**Work to be completed:** Output the listing exactly as written, apart from its pictures.

**Records shown:**

--------------------------------------------------

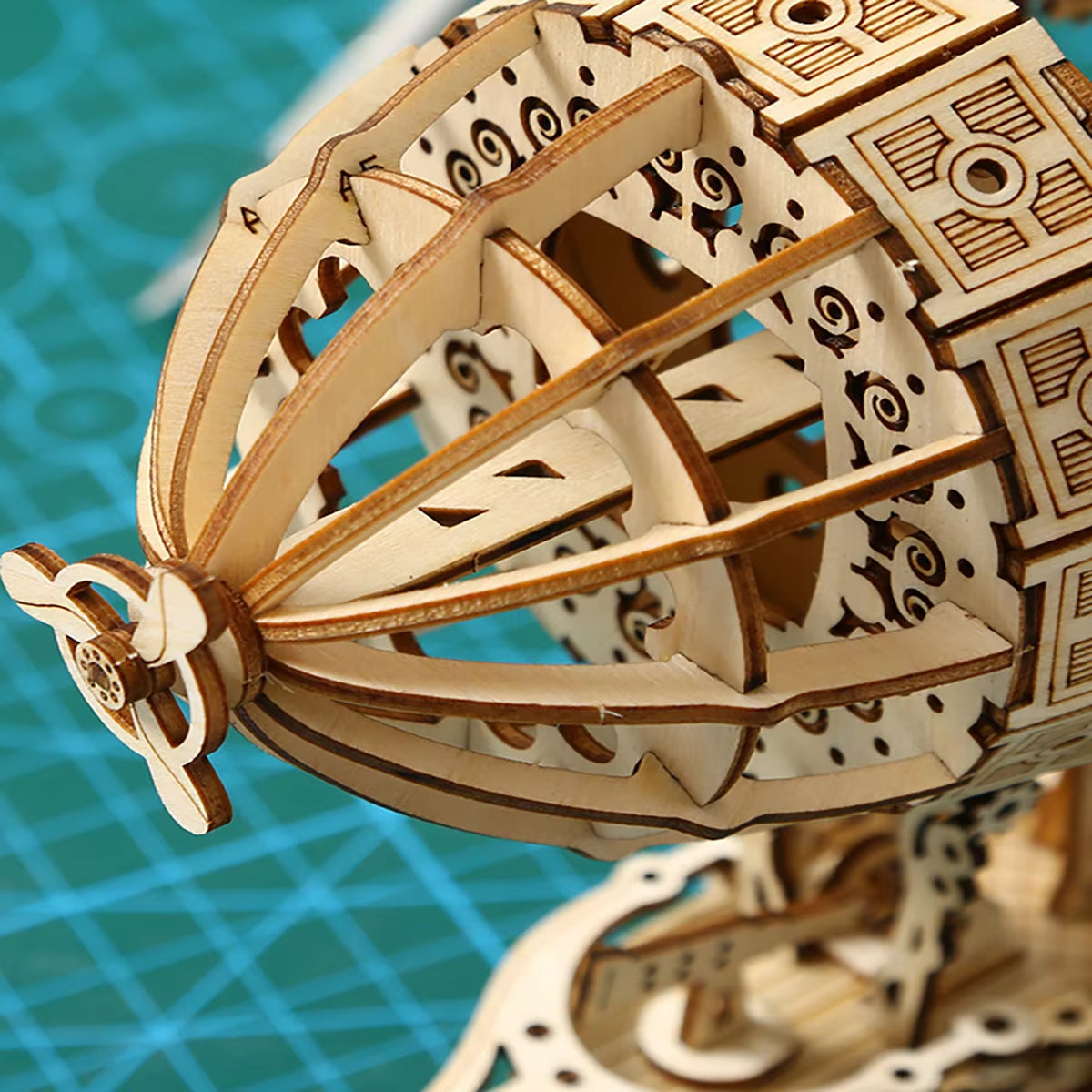 Steampunk Inspired Wooden Air Ship Masterpiece -  DIY Build - Medium - 3/7 Difficulty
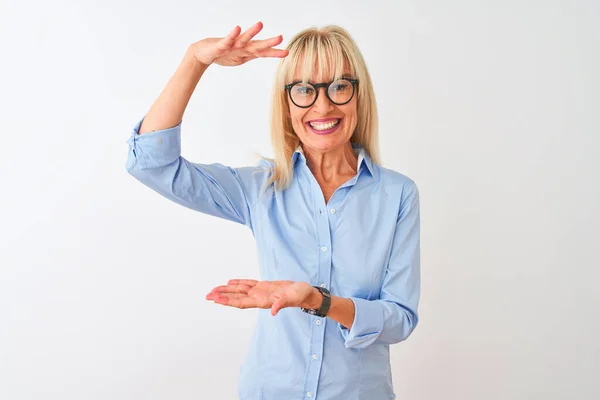 Geschäftsfrau Mittleren Alters Trägt Elegantes Hemd Und Brille Über Isoliertem — Stockfoto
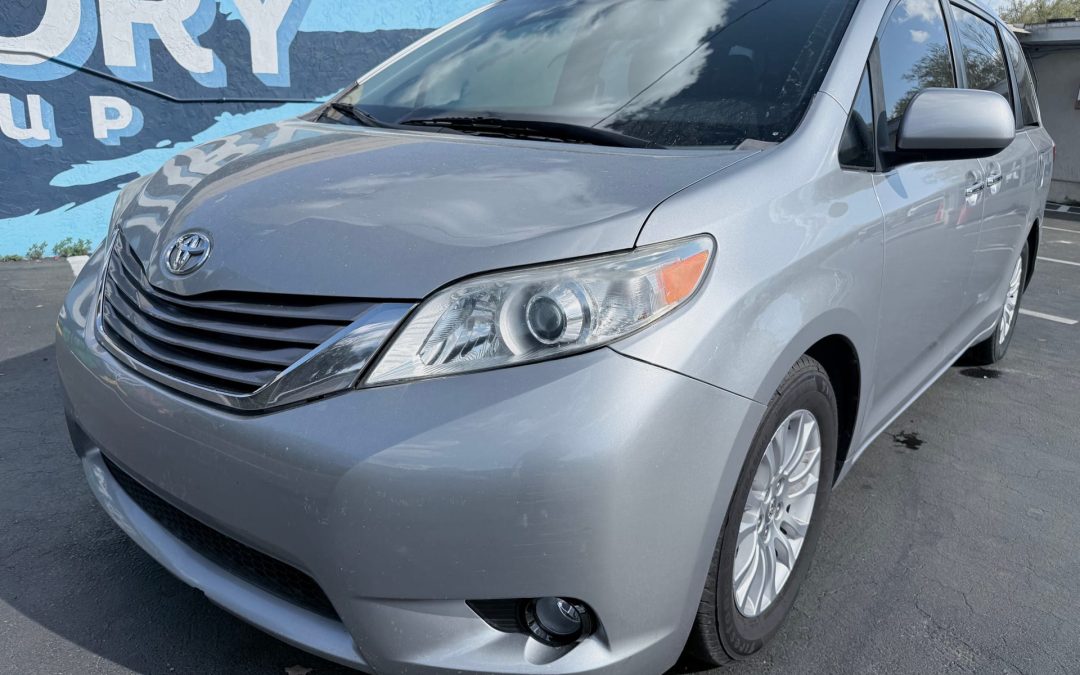 2015 TOYOTA SIENNA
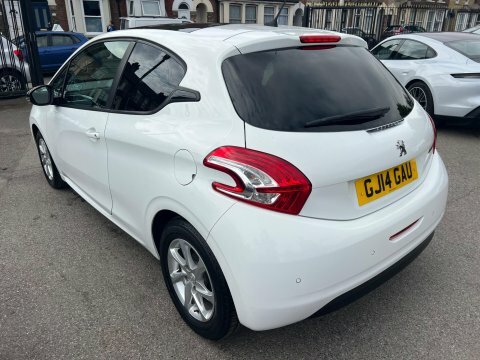 Peugeot 208 1.2 Vti Style White #3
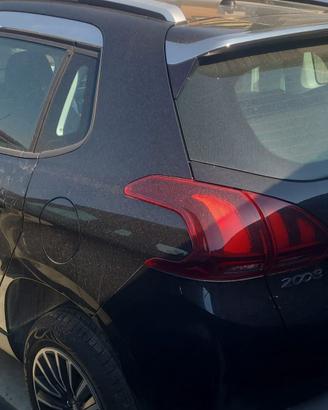 ricambi auto usati peugeot 2008 anno 1/2017 cc 120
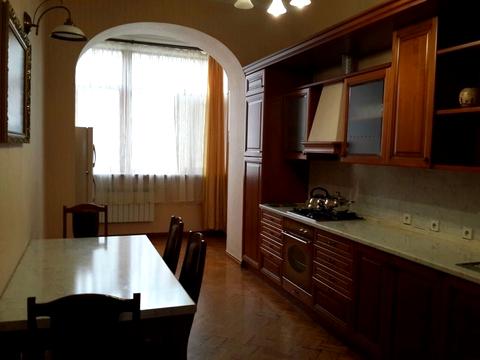 квартира за адресою Леонтовича вул. (Бєлінського), 10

--------------------------------------------------

**Exercise answer:**
 Steampunk Inspired Wooden Air Ship Masterpiece -  DIY Build - Medium - 3/7 Difficulty
 Geschäftsfrau Mittleren Alters Trägt Elegantes Hemd Und Brille Über Isoliertem — Stockfoto
 2015 TOYOTA SIENNA
 Peugeot 208 1.2 Vti Style White #3
 ricambi auto usati peugeot 2008 anno 1/2017 cc 120
 квартира за адресою Леонтовича вул. (Бєлінського), 10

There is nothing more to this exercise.